Skills For Meeting People, Dating, and Developing Intimacy
Journal of Personality Assessment, This suggests that people prefer others with the same or similar degree of attractiveness. This is a statistical explanation. The problem is that people typically prefer attractive people and not simple people of the same degree of attractiveness Curran, J.
The effects of physical attraction and attitude similarity on attraction in dating dyads. Journal of Personality, Kalick and HamiltonThe matching hypothesis reexamined. Agents were males and females that could use either of two simple rules: Choose another with similar attractivity.

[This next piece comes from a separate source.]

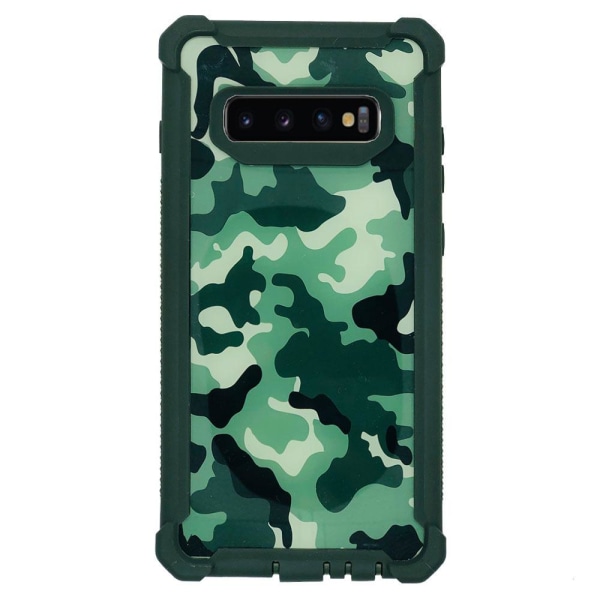 Samsung Galaxy S10 - Skyddande Effektfullt Fodral (ARMY) Kamouflage Grön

Choose another that is the most attractive i. Each agent is assigned an attractiveness of 10 to 1 randomly. At each time step, a male and female were randomly paired. If both offered to date based on their decision rules, they were removed from the population. The simulation continued until all males and females were paired.
In those simulations in which rule 1 was used, the correlation between attractiveness in pairs was too high, in the. For rule 2however, the correlation was as predicted even though agents did not seek similar attractiveness.